REQUIRED WORK:
Each line from the one containing "King Will Men" through the last line of the records below is to be set down exactly; the rest stays out.

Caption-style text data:
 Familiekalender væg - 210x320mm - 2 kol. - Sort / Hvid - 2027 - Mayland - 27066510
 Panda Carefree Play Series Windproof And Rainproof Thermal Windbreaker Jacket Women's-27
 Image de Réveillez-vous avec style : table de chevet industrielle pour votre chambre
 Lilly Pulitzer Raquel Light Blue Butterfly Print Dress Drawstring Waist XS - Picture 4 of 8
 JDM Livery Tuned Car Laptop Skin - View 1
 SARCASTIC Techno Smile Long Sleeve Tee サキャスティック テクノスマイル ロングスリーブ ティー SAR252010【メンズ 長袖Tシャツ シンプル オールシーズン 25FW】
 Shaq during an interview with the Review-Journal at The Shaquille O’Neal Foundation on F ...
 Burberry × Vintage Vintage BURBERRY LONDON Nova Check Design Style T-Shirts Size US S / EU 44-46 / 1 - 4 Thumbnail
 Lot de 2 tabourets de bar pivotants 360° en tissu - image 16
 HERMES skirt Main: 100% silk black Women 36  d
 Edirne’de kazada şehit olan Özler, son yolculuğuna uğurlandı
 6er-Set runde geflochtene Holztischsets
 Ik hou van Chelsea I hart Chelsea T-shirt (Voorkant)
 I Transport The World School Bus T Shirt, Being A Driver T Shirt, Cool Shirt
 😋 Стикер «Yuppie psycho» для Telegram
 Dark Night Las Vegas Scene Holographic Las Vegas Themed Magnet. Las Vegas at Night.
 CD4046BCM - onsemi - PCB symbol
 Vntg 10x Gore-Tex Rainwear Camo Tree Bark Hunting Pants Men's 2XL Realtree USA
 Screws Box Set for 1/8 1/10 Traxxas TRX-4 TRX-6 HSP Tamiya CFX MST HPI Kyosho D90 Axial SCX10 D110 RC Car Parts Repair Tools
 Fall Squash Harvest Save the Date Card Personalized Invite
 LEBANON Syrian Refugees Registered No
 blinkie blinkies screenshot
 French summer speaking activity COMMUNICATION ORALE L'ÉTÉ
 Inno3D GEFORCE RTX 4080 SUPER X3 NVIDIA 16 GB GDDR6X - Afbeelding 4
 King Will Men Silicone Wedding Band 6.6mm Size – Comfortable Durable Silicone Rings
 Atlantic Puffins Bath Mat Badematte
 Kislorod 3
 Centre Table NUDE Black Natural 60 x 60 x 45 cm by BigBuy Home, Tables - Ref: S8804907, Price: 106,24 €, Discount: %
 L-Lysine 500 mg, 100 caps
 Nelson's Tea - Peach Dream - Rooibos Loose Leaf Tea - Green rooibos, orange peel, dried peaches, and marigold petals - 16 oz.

WRITTEN REPLY:
 King Will Men Silicone Wedding Band 6.6mm Size – Comfortable Durable Silicone Rings
 Atlantic Puffins Bath Mat Badematte
 Kislorod 3
 Centre Table NUDE Black Natural 60 x 60 x 45 cm by BigBuy Home, Tables - Ref: S8804907, Price: 106,24 €, Discount: %
 L-Lysine 500 mg, 100 caps
 Nelson's Tea - Peach Dream - Rooibos Loose Leaf Tea - Green rooibos, orange peel, dried peaches, and marigold petals - 16 oz.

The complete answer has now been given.